**DIRECTIONS:**
Copy out every line in the entries below that includes "Appartement".

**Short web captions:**
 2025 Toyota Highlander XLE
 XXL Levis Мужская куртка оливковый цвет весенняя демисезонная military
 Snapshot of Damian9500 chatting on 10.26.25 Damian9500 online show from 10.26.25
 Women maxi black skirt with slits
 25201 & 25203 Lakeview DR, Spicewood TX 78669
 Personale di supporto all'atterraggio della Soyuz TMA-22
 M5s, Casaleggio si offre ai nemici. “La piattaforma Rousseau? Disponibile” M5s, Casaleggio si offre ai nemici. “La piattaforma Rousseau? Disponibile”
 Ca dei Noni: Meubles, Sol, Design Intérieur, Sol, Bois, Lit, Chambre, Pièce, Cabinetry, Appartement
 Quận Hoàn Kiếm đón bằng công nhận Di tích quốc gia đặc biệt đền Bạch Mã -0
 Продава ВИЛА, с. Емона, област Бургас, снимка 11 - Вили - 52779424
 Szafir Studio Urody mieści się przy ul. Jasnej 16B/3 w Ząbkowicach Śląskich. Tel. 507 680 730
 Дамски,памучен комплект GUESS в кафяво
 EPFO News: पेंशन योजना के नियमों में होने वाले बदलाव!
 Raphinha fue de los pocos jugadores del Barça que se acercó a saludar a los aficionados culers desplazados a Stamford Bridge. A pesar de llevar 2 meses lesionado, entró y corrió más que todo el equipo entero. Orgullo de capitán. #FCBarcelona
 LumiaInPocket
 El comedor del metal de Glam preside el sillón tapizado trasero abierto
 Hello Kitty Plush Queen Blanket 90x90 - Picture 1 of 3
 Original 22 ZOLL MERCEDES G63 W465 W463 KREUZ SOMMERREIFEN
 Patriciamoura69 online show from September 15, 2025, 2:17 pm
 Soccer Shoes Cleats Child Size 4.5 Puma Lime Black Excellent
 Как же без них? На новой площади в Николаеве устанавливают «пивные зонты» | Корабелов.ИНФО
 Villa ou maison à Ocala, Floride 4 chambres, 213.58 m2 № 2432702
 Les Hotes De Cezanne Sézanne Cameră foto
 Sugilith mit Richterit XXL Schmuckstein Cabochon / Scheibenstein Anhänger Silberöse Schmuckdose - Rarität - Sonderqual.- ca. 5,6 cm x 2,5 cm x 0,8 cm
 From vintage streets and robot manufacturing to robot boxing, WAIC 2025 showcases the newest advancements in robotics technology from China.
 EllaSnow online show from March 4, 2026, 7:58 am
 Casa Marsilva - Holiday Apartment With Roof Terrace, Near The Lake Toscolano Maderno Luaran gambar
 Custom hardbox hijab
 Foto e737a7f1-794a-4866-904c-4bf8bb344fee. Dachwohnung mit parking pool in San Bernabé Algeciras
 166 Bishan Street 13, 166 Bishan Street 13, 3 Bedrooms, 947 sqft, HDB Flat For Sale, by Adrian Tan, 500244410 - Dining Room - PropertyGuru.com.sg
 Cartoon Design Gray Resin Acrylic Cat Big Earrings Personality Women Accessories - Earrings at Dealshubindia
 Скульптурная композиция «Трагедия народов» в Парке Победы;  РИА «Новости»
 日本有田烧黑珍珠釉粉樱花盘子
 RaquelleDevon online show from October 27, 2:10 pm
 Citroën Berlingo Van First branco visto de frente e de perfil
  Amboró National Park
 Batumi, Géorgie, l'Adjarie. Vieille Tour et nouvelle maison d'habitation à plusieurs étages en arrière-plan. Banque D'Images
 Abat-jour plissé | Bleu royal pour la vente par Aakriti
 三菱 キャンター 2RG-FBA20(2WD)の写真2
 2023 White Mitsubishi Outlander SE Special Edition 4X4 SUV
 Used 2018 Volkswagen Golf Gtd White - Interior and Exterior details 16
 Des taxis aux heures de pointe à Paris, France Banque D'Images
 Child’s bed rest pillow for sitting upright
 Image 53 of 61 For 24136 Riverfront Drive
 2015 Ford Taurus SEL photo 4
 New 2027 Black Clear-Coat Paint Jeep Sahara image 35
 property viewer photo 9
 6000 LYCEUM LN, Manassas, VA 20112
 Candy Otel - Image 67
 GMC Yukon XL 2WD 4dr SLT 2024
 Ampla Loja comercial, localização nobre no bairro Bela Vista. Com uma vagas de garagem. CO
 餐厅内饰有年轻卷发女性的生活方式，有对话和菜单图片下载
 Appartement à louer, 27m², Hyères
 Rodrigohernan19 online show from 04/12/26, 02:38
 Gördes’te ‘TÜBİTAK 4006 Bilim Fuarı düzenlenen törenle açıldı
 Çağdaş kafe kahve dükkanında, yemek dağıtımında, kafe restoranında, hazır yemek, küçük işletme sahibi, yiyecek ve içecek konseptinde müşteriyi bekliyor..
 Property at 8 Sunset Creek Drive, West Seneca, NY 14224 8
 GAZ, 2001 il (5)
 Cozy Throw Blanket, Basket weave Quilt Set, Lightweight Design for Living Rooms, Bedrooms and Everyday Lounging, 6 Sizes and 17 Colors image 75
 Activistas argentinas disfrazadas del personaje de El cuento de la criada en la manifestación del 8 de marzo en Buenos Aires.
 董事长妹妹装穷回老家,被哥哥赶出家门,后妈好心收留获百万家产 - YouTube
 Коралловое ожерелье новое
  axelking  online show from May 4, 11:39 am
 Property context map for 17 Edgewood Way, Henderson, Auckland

**RESPONSE TO THIS EXERCISE:**
 Ca dei Noni: Meubles, Sol, Design Intérieur, Sol, Bois, Lit, Chambre, Pièce, Cabinetry, Appartement
 Appartement à louer, 27m², Hyères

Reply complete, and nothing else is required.